Provide an exact copy of the data, excluding the images.

::: DATA BLOCK :::

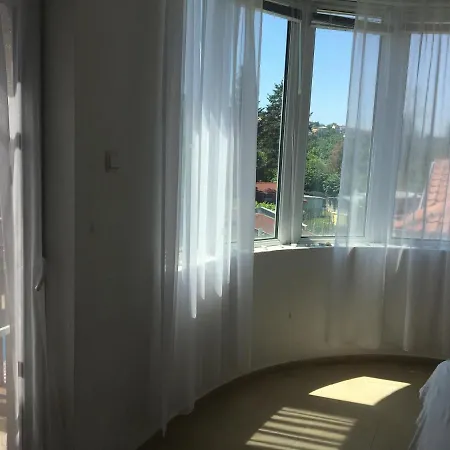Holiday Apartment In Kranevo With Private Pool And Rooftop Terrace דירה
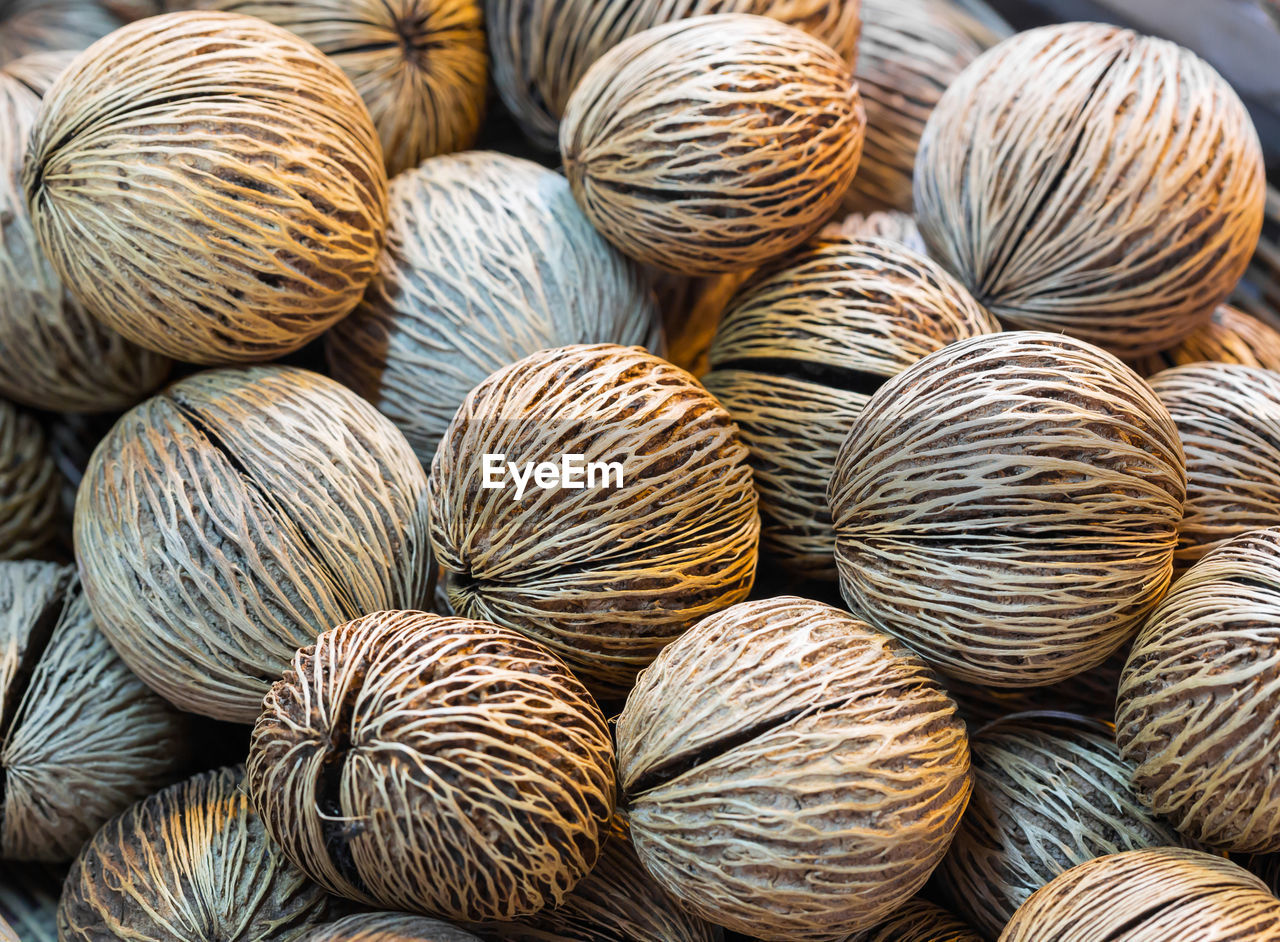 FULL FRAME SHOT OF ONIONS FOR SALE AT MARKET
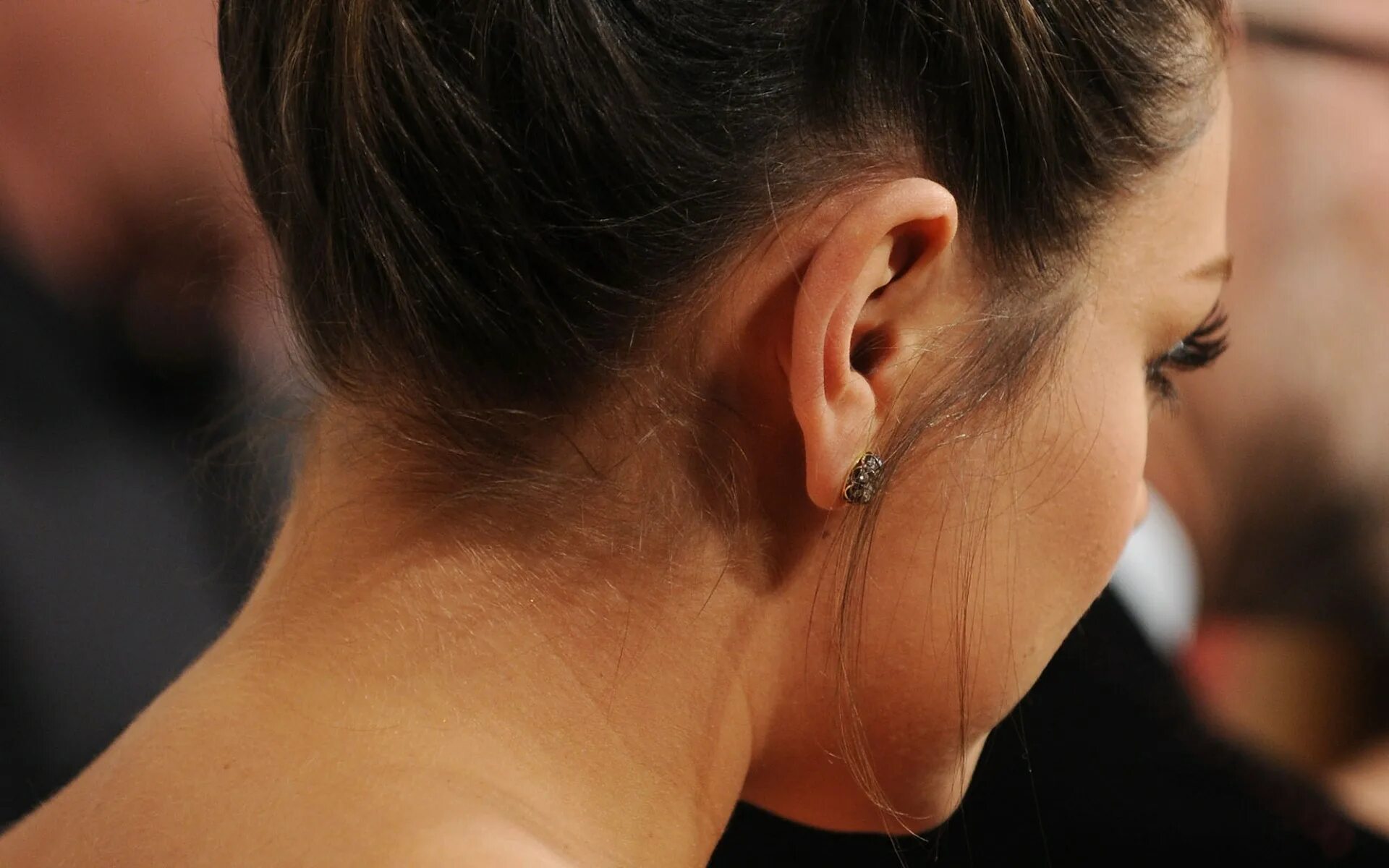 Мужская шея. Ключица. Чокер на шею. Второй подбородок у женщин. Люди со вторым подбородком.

:::

▸ **THE COMPLETED TASK**:
Holiday Apartment In Kranevo With Private Pool And Rooftop Terrace דירה
 FULL FRAME SHOT OF ONIONS FOR SALE AT MARKET
 Мужская шея. Ключица. Чокер на шею. Второй подбородок у женщин. Люди со вторым подбородком.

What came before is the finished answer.